→ **Work instruction**: Copy exactly the lines from the start of the material through the line with "X0000089360497200706221203". Pictures stay out of the copy.

::: Extracted data

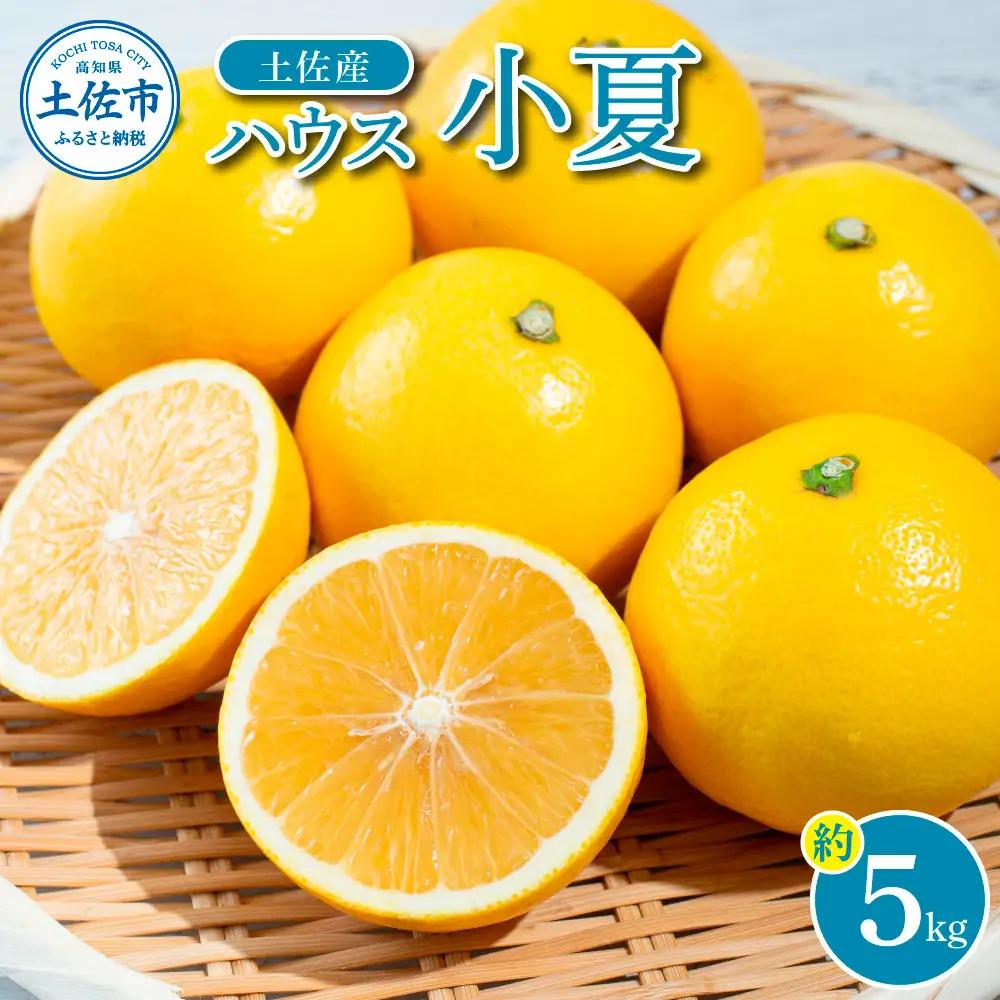 【先行予約】【先行予約】自然の味をそのままに旨味の塊ハウス小夏約5kg〈2027年4月下旬から発送開始〉高知県土佐市 【やの一果彩】 [BQAC037]
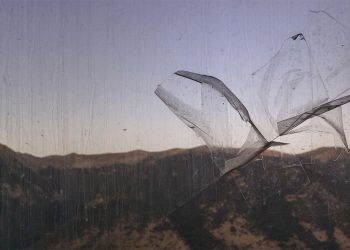  Al MAXXI L’Aquila due giorni di eventi dedicati alla Fotografia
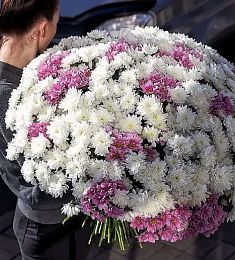 Букет из 101 кустовой хризантемы балтика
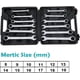 thumbnail image 5 of 12pcs Ratchet Wrench Set 5 Deg Movement Spanner Kit Combination Wrenchs Chrome Vanadium Steel , Metric Sizes 8-19mm with storing case, 5 of 5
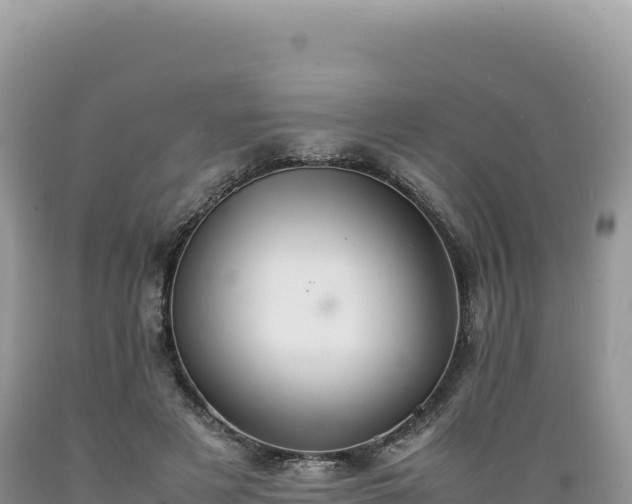 X0000089360497200706221203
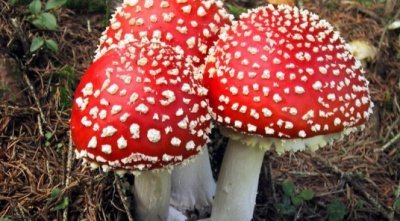 Как ядовитые грибы могут быть полезными людям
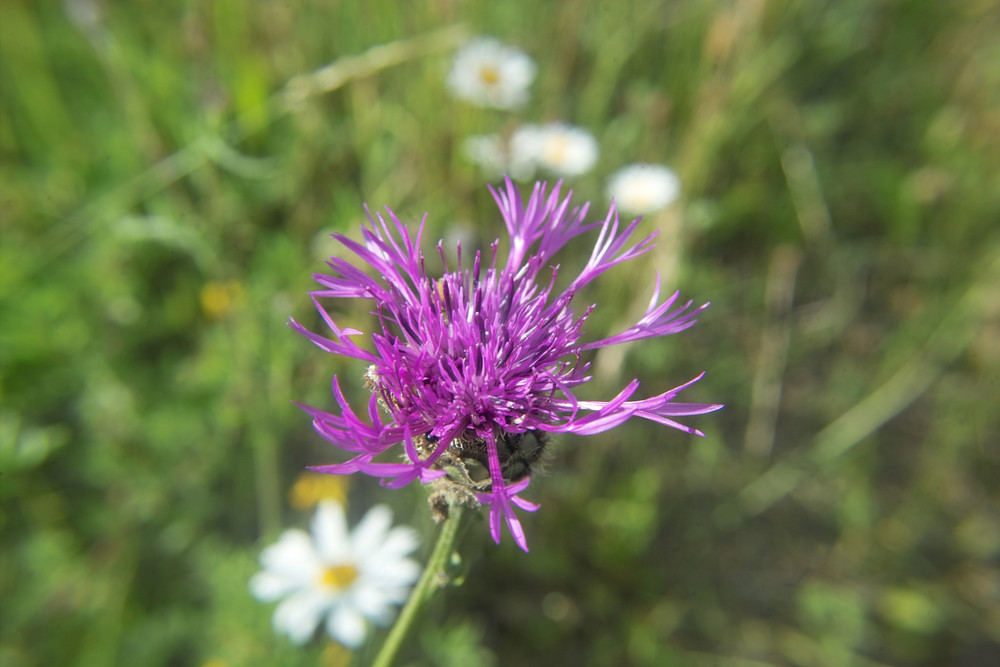 Bergflockenblume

::::::

→ **Task result**:
 【先行予約】【先行予約】自然の味をそのままに旨味の塊ハウス小夏約5kg〈2027年4月下旬から発送開始〉高知県土佐市 【やの一果彩】 [BQAC037]
  Al MAXXI L’Aquila due giorni di eventi dedicati alla Fotografia
 Букет из 101 кустовой хризантемы балтика
 thumbnail image 5 of 12pcs Ratchet Wrench Set 5 Deg Movement Spanner Kit Combination Wrenchs Chrome Vanadium Steel , Metric Sizes 8-19mm with storing case, 5 of 5
 X0000089360497200706221203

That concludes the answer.